• [What you are asked to do]: When you find the line with "Stretch Linen-Viscose Vest" among the records below, reproduce it and each line after it exactly, ending with the line with "Men's casual suede".

Caption-style text data
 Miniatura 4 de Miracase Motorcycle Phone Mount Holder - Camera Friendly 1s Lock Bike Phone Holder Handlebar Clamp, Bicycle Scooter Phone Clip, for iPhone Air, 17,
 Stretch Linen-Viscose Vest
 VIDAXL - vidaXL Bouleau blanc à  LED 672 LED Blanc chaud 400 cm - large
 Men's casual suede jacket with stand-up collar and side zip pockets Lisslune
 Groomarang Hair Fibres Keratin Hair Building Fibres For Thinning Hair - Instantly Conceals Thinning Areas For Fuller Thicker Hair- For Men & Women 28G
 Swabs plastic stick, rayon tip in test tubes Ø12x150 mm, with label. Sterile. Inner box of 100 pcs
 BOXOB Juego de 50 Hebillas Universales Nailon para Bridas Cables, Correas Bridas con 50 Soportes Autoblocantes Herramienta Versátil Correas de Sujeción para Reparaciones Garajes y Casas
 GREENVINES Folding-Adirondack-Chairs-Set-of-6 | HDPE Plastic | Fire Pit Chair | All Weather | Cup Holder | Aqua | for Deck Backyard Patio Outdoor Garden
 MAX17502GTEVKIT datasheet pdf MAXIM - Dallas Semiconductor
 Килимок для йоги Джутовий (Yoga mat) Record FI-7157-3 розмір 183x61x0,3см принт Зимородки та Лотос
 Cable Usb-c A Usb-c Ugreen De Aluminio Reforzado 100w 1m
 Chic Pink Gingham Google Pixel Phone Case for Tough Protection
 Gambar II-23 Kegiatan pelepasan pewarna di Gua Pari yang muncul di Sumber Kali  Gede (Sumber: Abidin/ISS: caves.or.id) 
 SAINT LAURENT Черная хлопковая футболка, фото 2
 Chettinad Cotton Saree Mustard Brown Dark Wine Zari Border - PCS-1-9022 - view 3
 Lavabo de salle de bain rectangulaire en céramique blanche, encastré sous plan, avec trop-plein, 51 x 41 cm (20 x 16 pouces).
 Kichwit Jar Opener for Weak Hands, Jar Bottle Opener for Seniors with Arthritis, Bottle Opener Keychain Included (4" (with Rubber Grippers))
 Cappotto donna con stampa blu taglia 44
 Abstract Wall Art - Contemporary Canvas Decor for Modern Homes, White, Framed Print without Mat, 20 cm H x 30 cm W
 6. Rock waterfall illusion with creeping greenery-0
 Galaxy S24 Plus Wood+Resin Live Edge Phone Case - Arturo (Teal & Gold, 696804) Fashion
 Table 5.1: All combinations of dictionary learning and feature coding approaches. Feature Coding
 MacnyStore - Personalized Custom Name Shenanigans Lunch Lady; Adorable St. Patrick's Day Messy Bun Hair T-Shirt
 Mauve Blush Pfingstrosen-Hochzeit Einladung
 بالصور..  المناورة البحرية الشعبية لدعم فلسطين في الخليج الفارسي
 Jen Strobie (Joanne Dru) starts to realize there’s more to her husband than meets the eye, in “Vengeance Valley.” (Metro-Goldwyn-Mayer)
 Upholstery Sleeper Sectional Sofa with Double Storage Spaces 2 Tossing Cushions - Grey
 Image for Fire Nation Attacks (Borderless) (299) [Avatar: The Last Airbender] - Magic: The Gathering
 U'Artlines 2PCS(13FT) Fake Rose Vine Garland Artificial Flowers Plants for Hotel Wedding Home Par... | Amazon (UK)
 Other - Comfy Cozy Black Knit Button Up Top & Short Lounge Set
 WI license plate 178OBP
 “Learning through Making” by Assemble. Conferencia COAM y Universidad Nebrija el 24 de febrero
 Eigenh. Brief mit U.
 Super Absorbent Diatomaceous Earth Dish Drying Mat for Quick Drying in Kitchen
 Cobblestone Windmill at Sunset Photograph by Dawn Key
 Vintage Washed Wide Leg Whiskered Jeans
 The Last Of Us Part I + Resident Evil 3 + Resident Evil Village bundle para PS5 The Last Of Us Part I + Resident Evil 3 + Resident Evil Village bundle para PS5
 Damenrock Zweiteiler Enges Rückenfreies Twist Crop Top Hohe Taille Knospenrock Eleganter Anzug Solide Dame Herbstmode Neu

• [Solution]:
 Stretch Linen-Viscose Vest
 VIDAXL - vidaXL Bouleau blanc à  LED 672 LED Blanc chaud 400 cm - large
 Men's casual suede jacket with stand-up collar and side zip pockets Lisslune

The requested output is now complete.